Well, the board hack lost my posts about several of the Dante films I saw this summer, so those are only readable in the Henry Gibson-run department of lost items. I'm not rewriting my longer posts, but the basic reactions were something like:

Looney Tunes: Back in Action: Pretty funny first act that tapers off into general amusement. That it works at all is surprising given I'm not a big Looney Tunes fan to begin with.

Gremlins/Gremlins 2: the New Batch: The first film falls surprisingly flat all these years after I'd last seen it as a child, but the sequel's Tashlin-indebted zaniness and novelty overshadows its flaws.

Small Soldiers Adept little comic actioner with a strong cynical tone, particularly in the ending where money is proven to overcome all ills, even by the protagonists. Complaints of violence seem absurd in retrospect given how the market for children has deteriorated so rapidly.

Recently, I've had a chance to visit and revisit some more Dante. 'Tis the season and what not. First up Explorers, which seems like it would have been a movie I should have seen as a kid but didn't. It's a strange film, and the tone is a little hard to gauge. I thought the picture worked best with the smaller, more observant moments, like how one of the boys uses the alien device to... see inside his crush's window, or how it's the kid with the abusive father who immediately recognizes the aliens' family dynamic. But that third act is so bald and obvious that it doesn't work as satire or social commentary and the film only recovers from the finale in the credits sequence, which means it might as well not have bothered.

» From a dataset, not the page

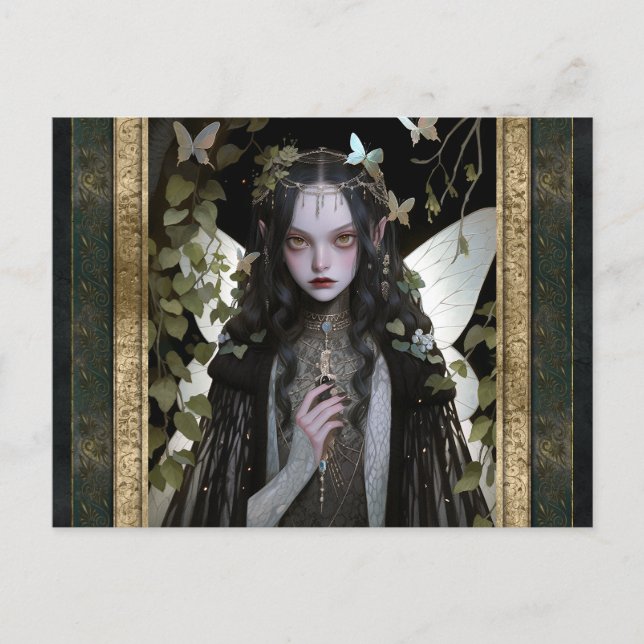 Carte Postale Fée foncée fille Goth gothique Imaginaire Art goth (Devant)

Speaking of poorly-functioning satire, I thought Homecoming was kind of awful and full of ham-fisted, liberal-baiting jibes at the Iraq war. As far as its effectiveness as political commentary, forget about it. I mostly share the pic's ideology, but there's something to be said for a defter touch (or a smarter one).

But then I revisited Eerie, Indiana and all of Dante's strengths once more came into focus. With Halloween here, it seemed like the perfect time to take a nostalgia trip back to this short-lived show. I still remember watching the first episode with my mom and she loved it so much that she decided we needed to record every episode thereafter, which means I had a nice tape collection of every episode that aired on NBC during its original run as a kid to watch over and over. I probably hadn't seen any of these episodes since fourth grade, but revisiting the series now as an adult, it holds up remarkably well to the trap of nostalgia.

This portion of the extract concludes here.